The National Weather Service issued winter storm warnings and advisories for a huge area spanning states from Chicago trough New York, New England and even US capital, Washington.
    
Severe weather was also hitting the country's Midwest, dropping a blanket of snow and cancelling flights at Chicago's O'Hare International Airport.
    
The northeastern winter warning was in effect in New York from Thursday evening through midday today, with forecasters predicting four to eight inches (10 to 20 centimetres) of snow and winds that could reach up to 35 miles (56 kilometres) per hour.
    
The National Weather Service said blizzard conditions were possible for eastern Long Island and the coast of Massachusetts.
    
"Bitter cold will move into the Midwest and East following the storm," it warned.
    
In the Big Apple, where thick flakes were falling on Thursday evening, the storm will serve as a first test for the city's new mayor, Bill de Blasio, who assumed his post on Wednesday.
    
De Blasio said the city had "laser" focus as it braced for what was to come. "We are ready," he said. He urged residents to stay indoors and use public transportation if they must get around. But, he warned, delays were to be expected.
    
"Please, start this evening, stay inside. If you don't need to go out, don't go out," de Blasio said.

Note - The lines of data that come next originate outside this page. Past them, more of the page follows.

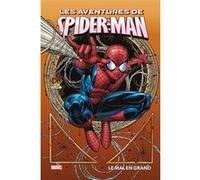 Marvel - Les aventures de Spider-Man : Le mal en grand Peter David (Auteur), Fred Van Lente (Auteur), Marc Sumerak (Auteur), Pop Mhan (Dessinateur), Cory Hamscher (Dessinateur), David Nakayama (Dessin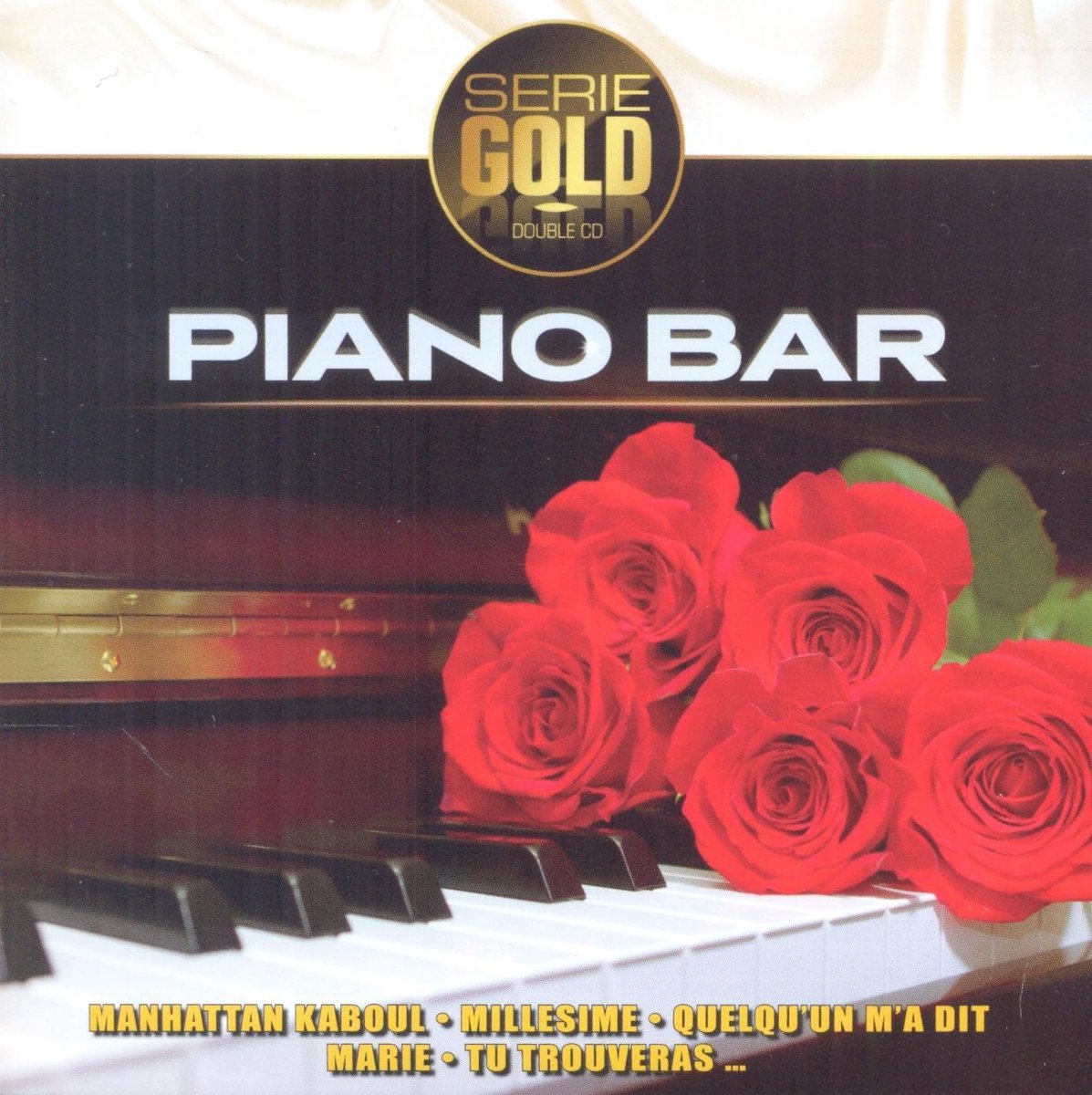 Muziek Album - Live Opnames - Ontspanning Luisteren - Dubbel CD - 13 cm Hoog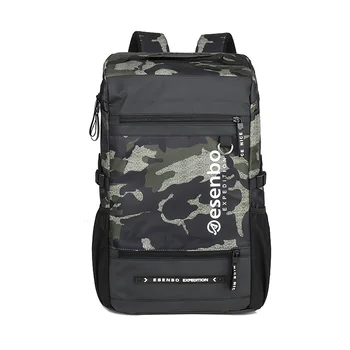 

Big Capacity Outdoor Camouflage Waterproof Backpacks Outdoor Sports Hiking Climbing Cycling Gear Backpack Teens Knapsacks 15.6"
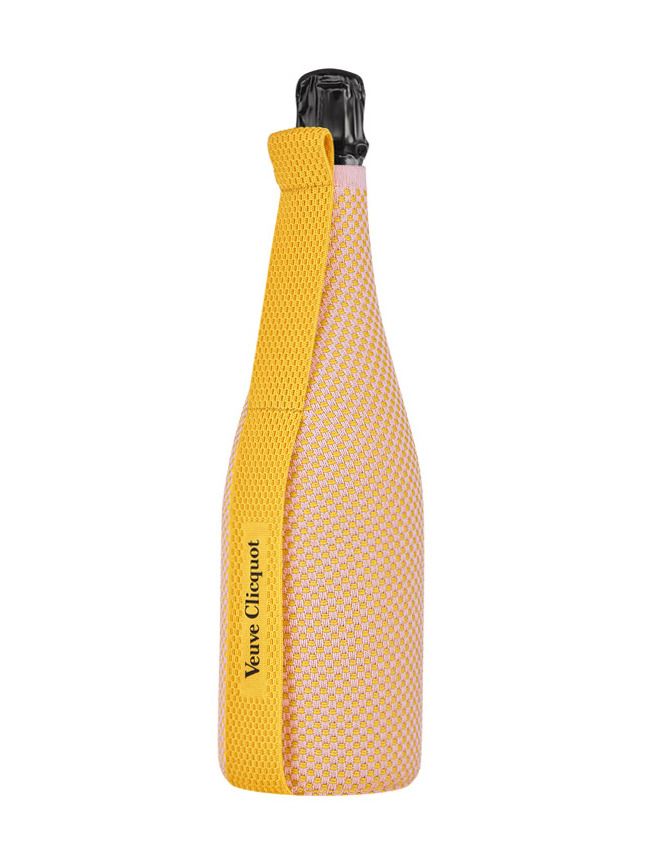 Veuve Clicquot Rose Ice Jacket 0,75l 12,5%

New York Governor Andrew Cuomo activated the State Emergency Operations Centre and also urged people to use mass transit, warning of possible highway closures due to inclement weather.
    
In neighbouring New Jersey, Governor Chris Christie declared a state of emergency in anticipation of what was to come.
    
Connecticut Governor Dannel Malloy, meanwhile, ordered state employees to leave work early on Thursday to alleviate the evening commute. Workers were not expected back at their desks until mid-morning.